To say that Meredith Loring, MBA’13, and Sami Inkinen, her husband, believe in health and fitness is perhaps an understatement. Loring, who follows a raw foods diet, is a former competitive gymnast turned trail runner, ultrarunner, and cyclist. Inkinen is a triathlon world champion for his age group and has finished the Hawaii Ironman multiple times. A morning run for the couple may last three hours. A fun afternoon might involve a five-hour bike ride. Past vacations for the adventure lovers have included trail running in Nepal and the Himalayas and cross-country skiing from Russia to Sweden. You get the idea.
So when Inkinen discovered his blood sugar levels were elevated, he was shocked. “Sami was following the USDA food recommendations to a T,” says Loring, “eating very little fat and primarily carbs.” Turns out that too much sugar and processed carbohydrates, which our bodies treat similarly to sugar, were the culprits. “We were thinking if Sami, who spends so much time thinking about optimizing his health and body, can’t figure it out, what are the chances for other people?” says Loring.
Around the same time Inkinen made his health discovery, he had become obsessed with a new big adventure: crossing an ocean. “He had been asking me about it, but I kept brushing him off,” says Loring. “I didn’t think he was serious. Then he started looking into buying a rowboat.”

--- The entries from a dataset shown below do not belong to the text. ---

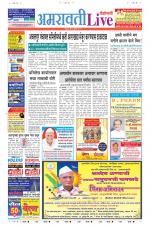 Amravati Live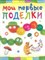Мои первые поделки - фото 194870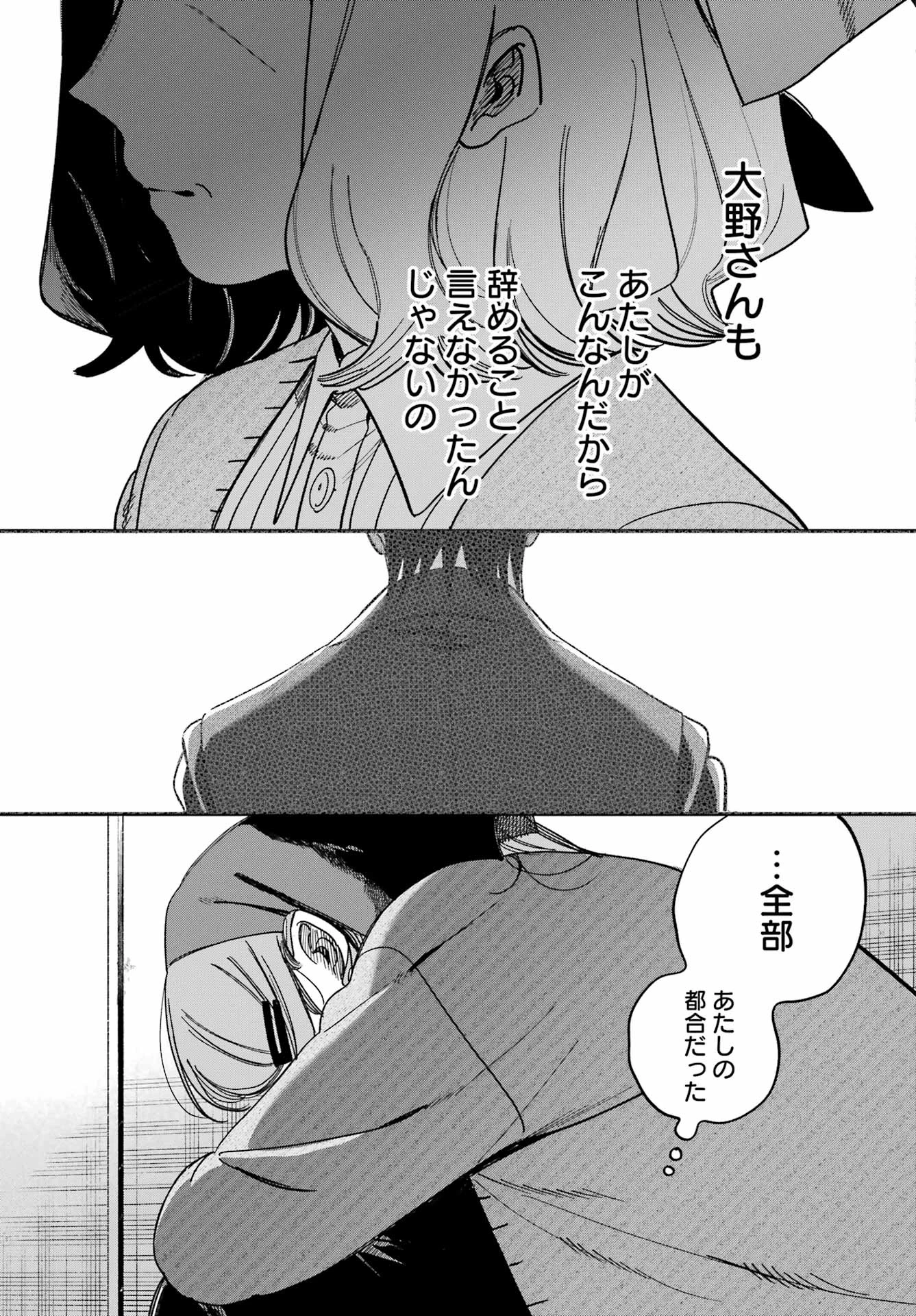 スーパーの裏でヤニ吸うふたり 第62話 - 27
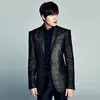 Lee Min Ho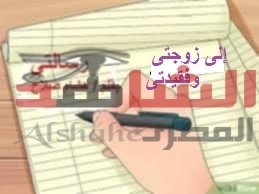 رسالتى إلى زوجتى وفقيدتى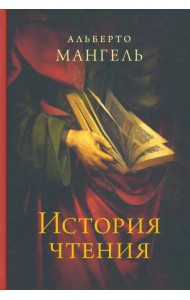 История чтения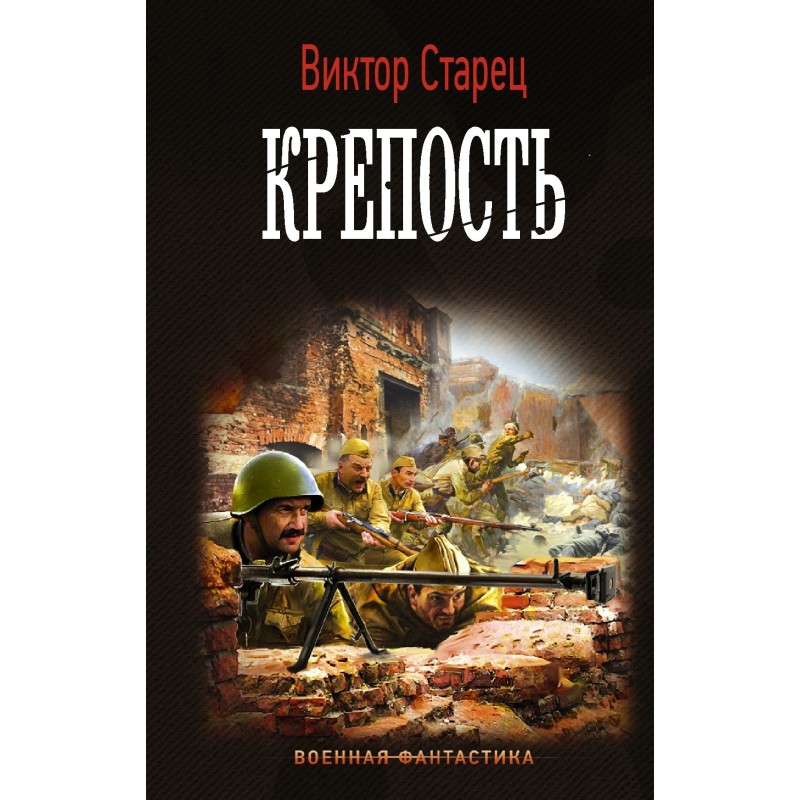 Фортеця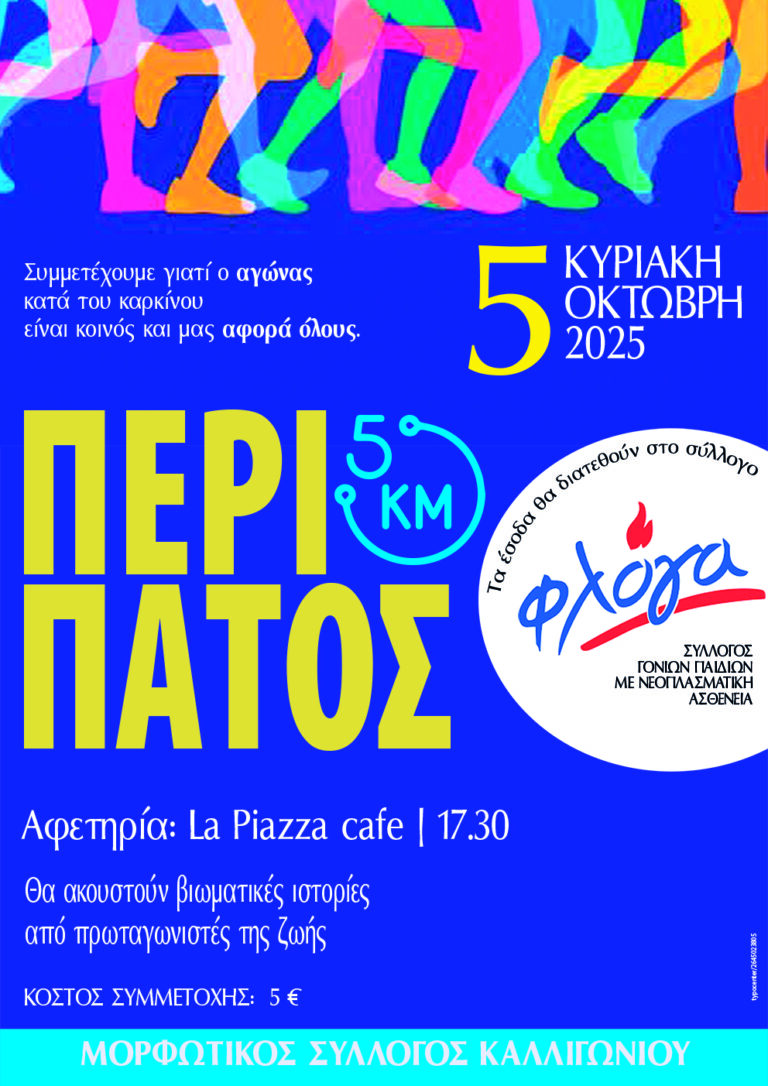 Σύλλογος Καλλιγονίου: Σας περιμένουμε  στο ετήσιο ραντεβού για τον περίπατο κατά του καρκίνου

That’s when Loring knew there would be no escape. But the couple decided to make the endeavor into more than a physical challenge. They previously had determined they would dedicate their lives to changing the way people eat in the U.S., taking a three-pronged approach, as Loring describes it, through policy, awareness, and new products. Inkinen already works for a venture capital firm focused on companies in the healthy living space, and Loring founded Native Life, a food company creating grain- and sugar-free products, starting with cereals. A 2,400-plus-mile row from Monterey, Calif., to Honolulu, Hawaii, would certainly garner attention. To also raise awareness about too much sugar in U.S. diets, the couple turned the row into a fundraiser for the recently founded Institute for Responsible Nutrition, which aims to reverse the climbing rates of childhood obesity and Type 2 diabetes.
The couple trained; found sponsors; created a website (fatchancerow.org) to explain their mission, track their progress, and raise money; took courses in first aid, survival training, and ocean preparedness; and sourced food and supplies. About six months later, on the morning of June 17, at 6:00, the two departed. The following are excerpts from the blog Loring kept during what would turn out to be their record-breaking row.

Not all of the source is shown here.